▸ **TASK TO CARRY OUT**
Return the listing verbatim, images left out.
════════
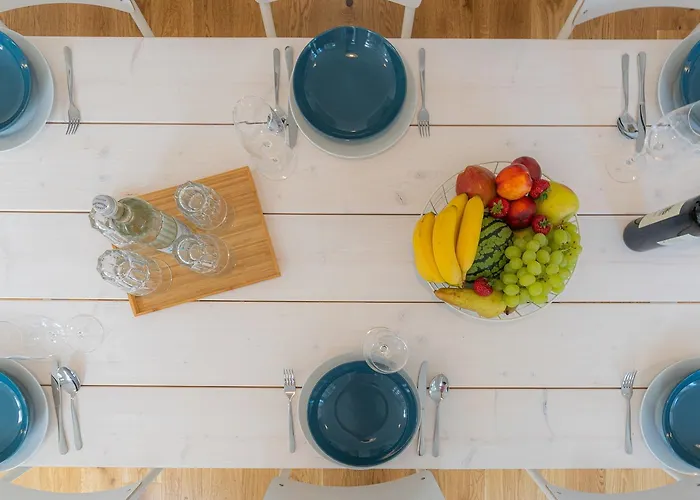 Suederhuus Semesterbostad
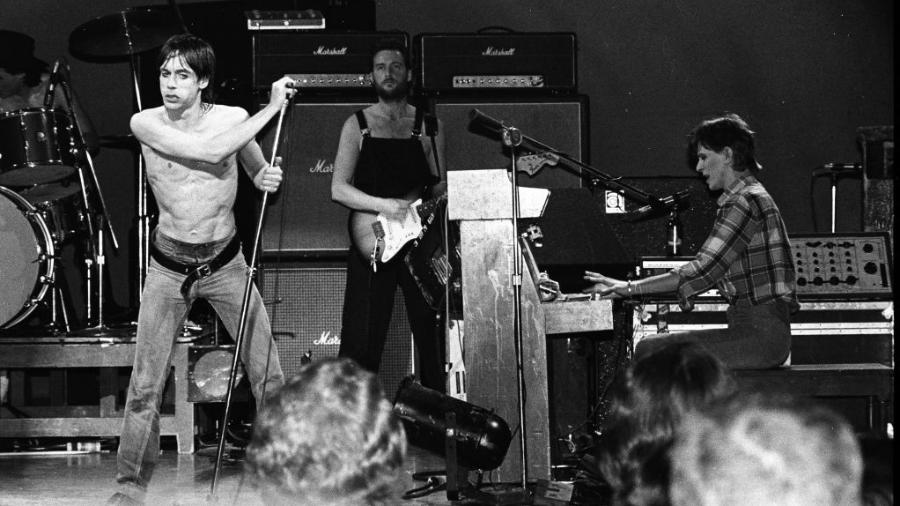  Iggy Pop, Ricky Gardiner e David Bowie durante apresentação em 1978 - Richard McCaffrey / Getty Images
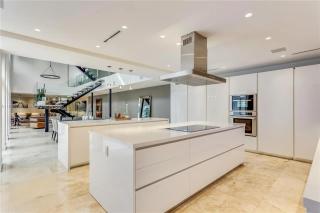 Villa Roxi, Chic 5BR Hideaway with Pool in Coconut Grove - 7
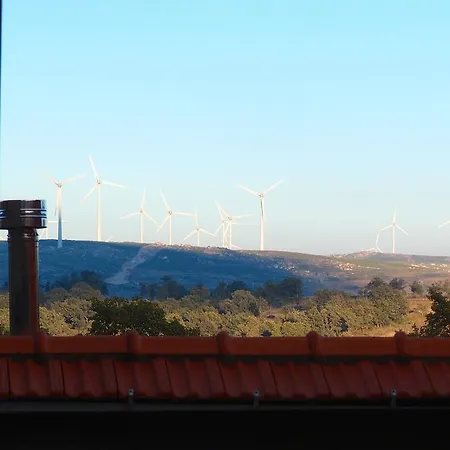 Country house Aldeia Do Codecal *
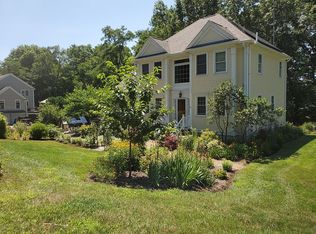 147 Kimball Rd, Amesbury, MA 01913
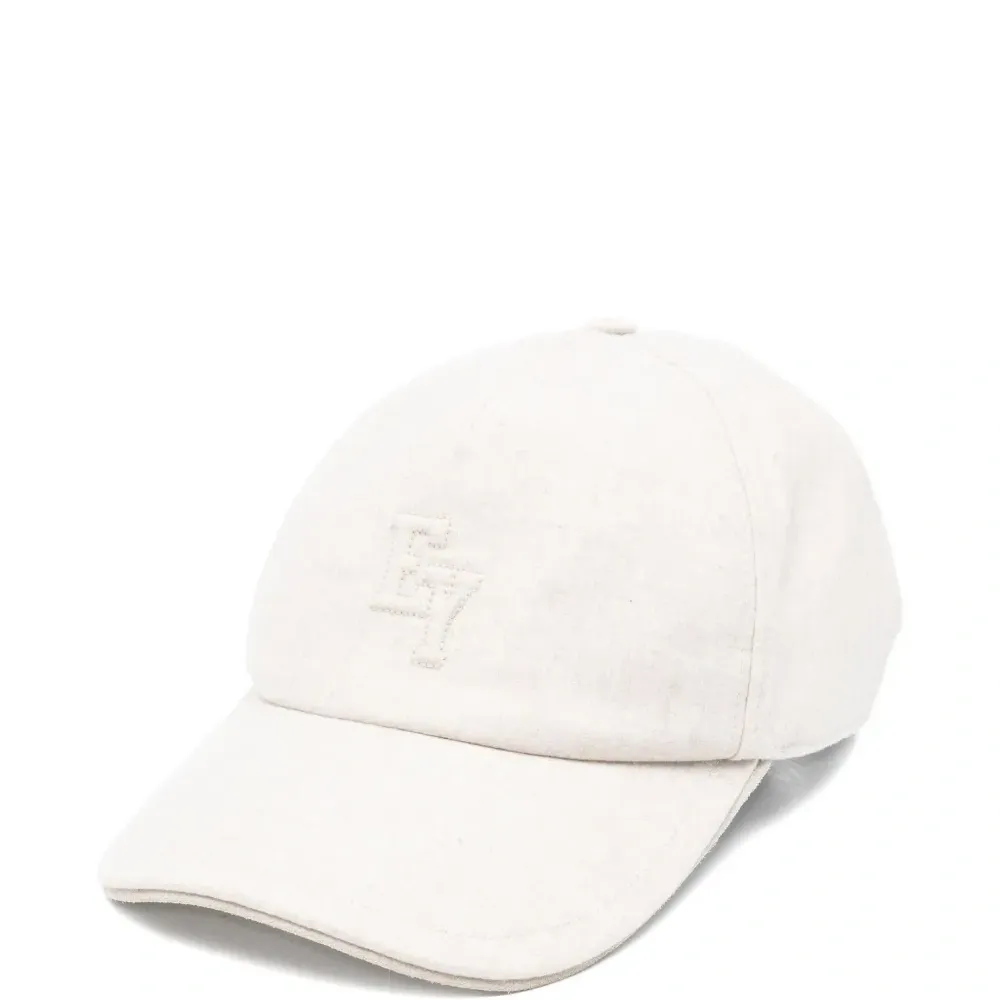 Бейсболка с вышитым логотипом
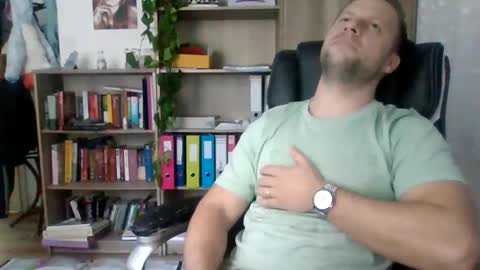 Snapshot of aaaandzzz chatting on 02/27/25, 10:26 Long distance cumshot online show from 02/27/25, 10:26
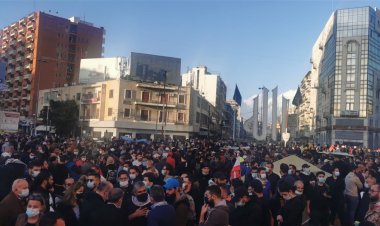 إعتصام وقطع طرق في ساحة النور طرابلس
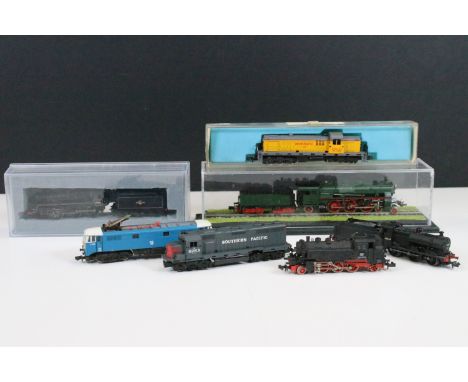 Seven N gauge locomotives to include Arnold 4-6-2 3610 in green livery with display case, Bachmann 2-6-0 76069 (housed with F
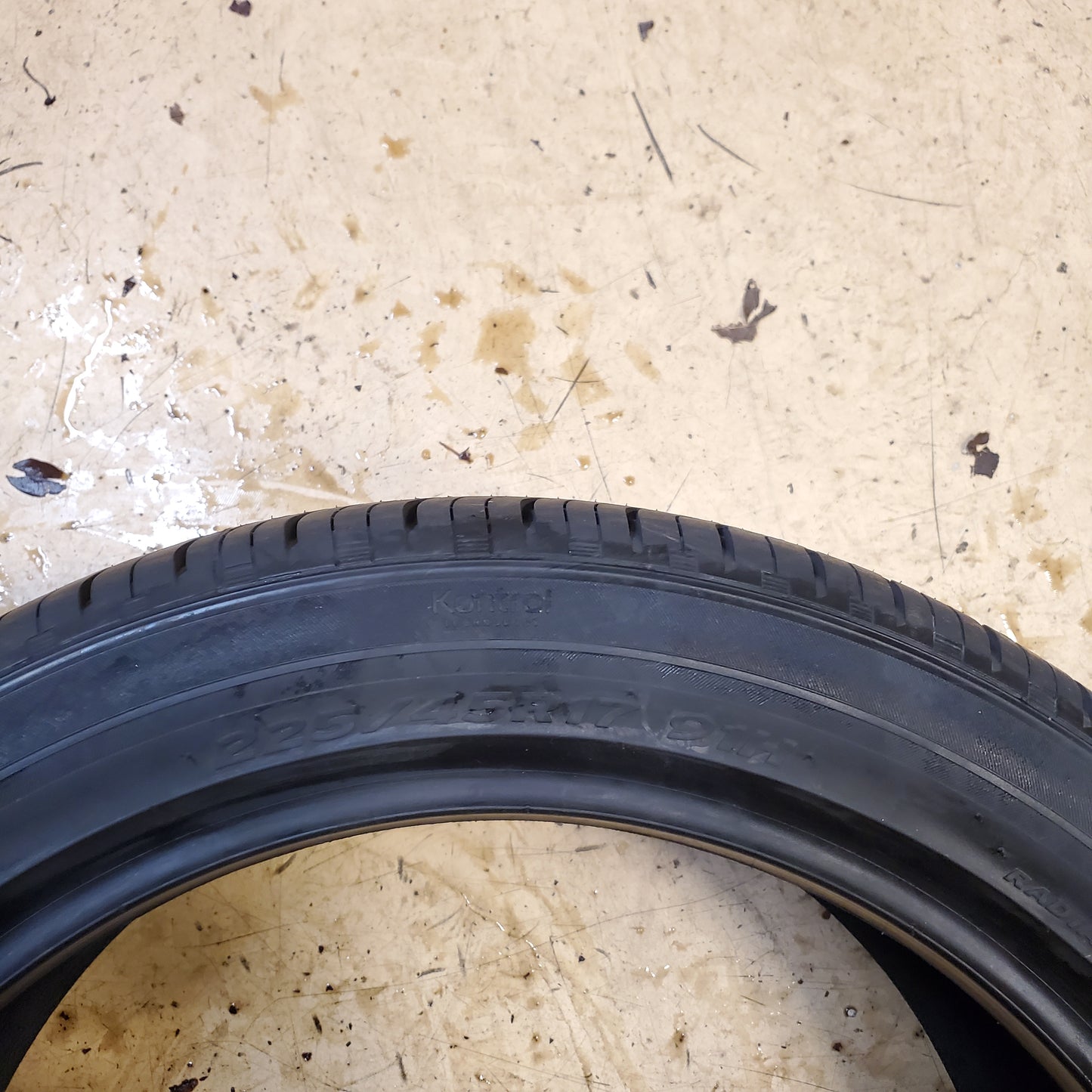 HANKOOK KINERGY GT 225 45 17 91H ALL SEASON CAR TIRE 1014872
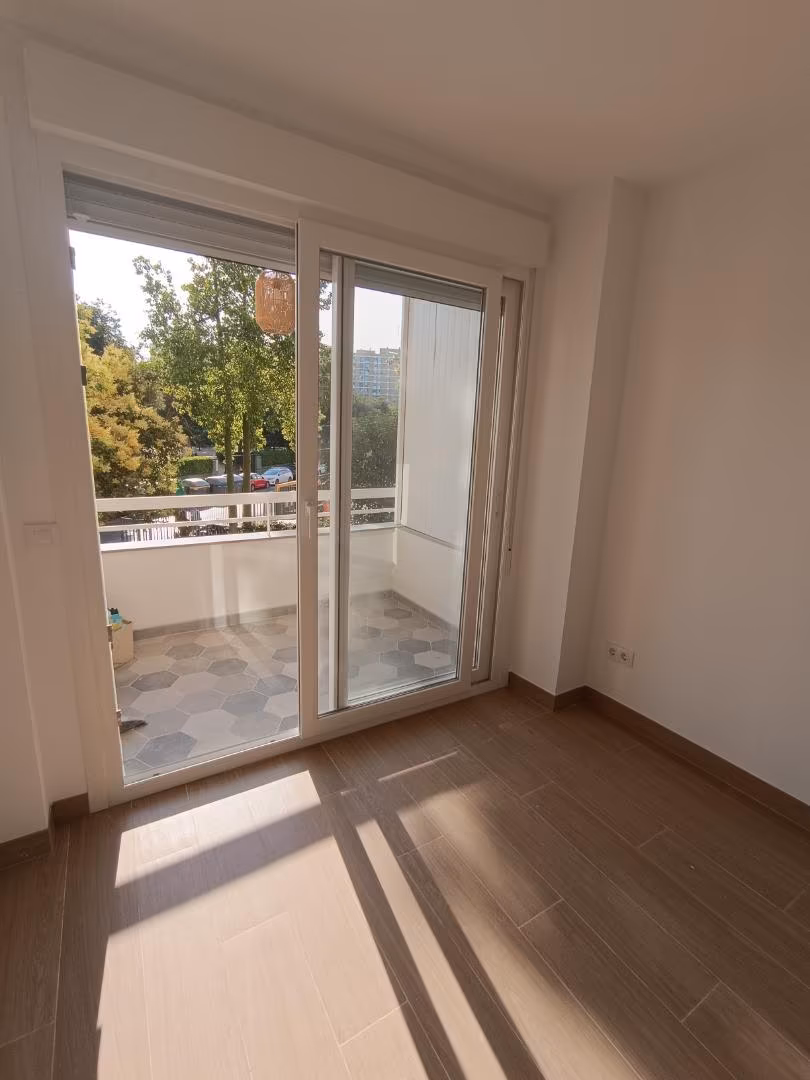 Piso en  Calle Pirineos 19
════════
▸ **WRITTEN ANSWER**
 Suederhuus Semesterbostad
  Iggy Pop, Ricky Gardiner e David Bowie durante apresentação em 1978 - Richard McCaffrey / Getty Images
 Villa Roxi, Chic 5BR Hideaway with Pool in Coconut Grove - 7
 Country house Aldeia Do Codecal *
 147 Kimball Rd, Amesbury, MA 01913
 Бейсболка с вышитым логотипом
 Snapshot of aaaandzzz chatting on 02/27/25, 10:26 Long distance cumshot online show from 02/27/25, 10:26
 إعتصام وقطع طرق في ساحة النور طرابلس
 Seven N gauge locomotives to include Arnold 4-6-2 3610 in green livery with display case, Bachmann 2-6-0 76069 (housed with F
 HANKOOK KINERGY GT 225 45 17 91H ALL SEASON CAR TIRE 1014872
 Piso en  Calle Pirineos 19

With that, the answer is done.